### ACTIVITY:
Starting at the line with "SIZE カラー：ネイビー 万代Net店", repeat every line exactly until the records end, including the last one.

-------- INPUT FOR THIS TASK

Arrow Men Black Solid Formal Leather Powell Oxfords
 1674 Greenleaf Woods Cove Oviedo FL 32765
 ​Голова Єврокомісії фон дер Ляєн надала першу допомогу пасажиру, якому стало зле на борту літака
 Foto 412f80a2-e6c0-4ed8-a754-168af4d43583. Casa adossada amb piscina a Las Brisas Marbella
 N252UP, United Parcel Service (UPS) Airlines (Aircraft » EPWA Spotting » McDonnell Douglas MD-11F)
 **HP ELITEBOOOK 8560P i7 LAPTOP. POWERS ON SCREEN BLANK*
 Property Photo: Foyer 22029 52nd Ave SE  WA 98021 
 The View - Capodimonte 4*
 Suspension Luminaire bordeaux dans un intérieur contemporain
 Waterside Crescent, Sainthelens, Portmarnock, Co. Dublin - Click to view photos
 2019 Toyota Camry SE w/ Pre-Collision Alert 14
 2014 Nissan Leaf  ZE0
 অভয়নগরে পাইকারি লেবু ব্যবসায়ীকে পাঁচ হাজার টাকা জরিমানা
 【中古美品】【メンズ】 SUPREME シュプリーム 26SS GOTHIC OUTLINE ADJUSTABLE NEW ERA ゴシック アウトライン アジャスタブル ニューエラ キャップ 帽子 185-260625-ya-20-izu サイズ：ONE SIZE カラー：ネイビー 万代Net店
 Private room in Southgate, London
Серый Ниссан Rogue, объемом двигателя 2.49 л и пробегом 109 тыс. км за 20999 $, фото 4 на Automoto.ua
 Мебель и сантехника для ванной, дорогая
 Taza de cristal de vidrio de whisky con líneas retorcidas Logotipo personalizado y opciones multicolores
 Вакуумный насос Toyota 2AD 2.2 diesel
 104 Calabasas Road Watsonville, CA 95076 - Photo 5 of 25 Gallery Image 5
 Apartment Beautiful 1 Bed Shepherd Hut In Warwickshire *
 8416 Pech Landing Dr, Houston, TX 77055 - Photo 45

----------------

### SOLUTION TO THIS PROBLEM:
 【中古美品】【メンズ】 SUPREME シュプリーム 26SS GOTHIC OUTLINE ADJUSTABLE NEW ERA ゴシック アウトライン アジャスタブル ニューエラ キャップ 帽子 185-260625-ya-20-izu サイズ：ONE SIZE カラー：ネイビー 万代Net店
 Private room in Southgate, London
Серый Ниссан Rogue, объемом двигателя 2.49 л и пробегом 109 тыс. км за 20999 $, фото 4 на Automoto.ua
 Мебель и сантехника для ванной, дорогая
 Taza de cristal de vidrio de whisky con líneas retorcidas Logotipo personalizado y opciones multicolores
 Вакуумный насос Toyota 2AD 2.2 diesel
 104 Calabasas Road Watsonville, CA 95076 - Photo 5 of 25 Gallery Image 5
 Apartment Beautiful 1 Bed Shepherd Hut In Warwickshire *
 8416 Pech Landing Dr, Houston, TX 77055 - Photo 45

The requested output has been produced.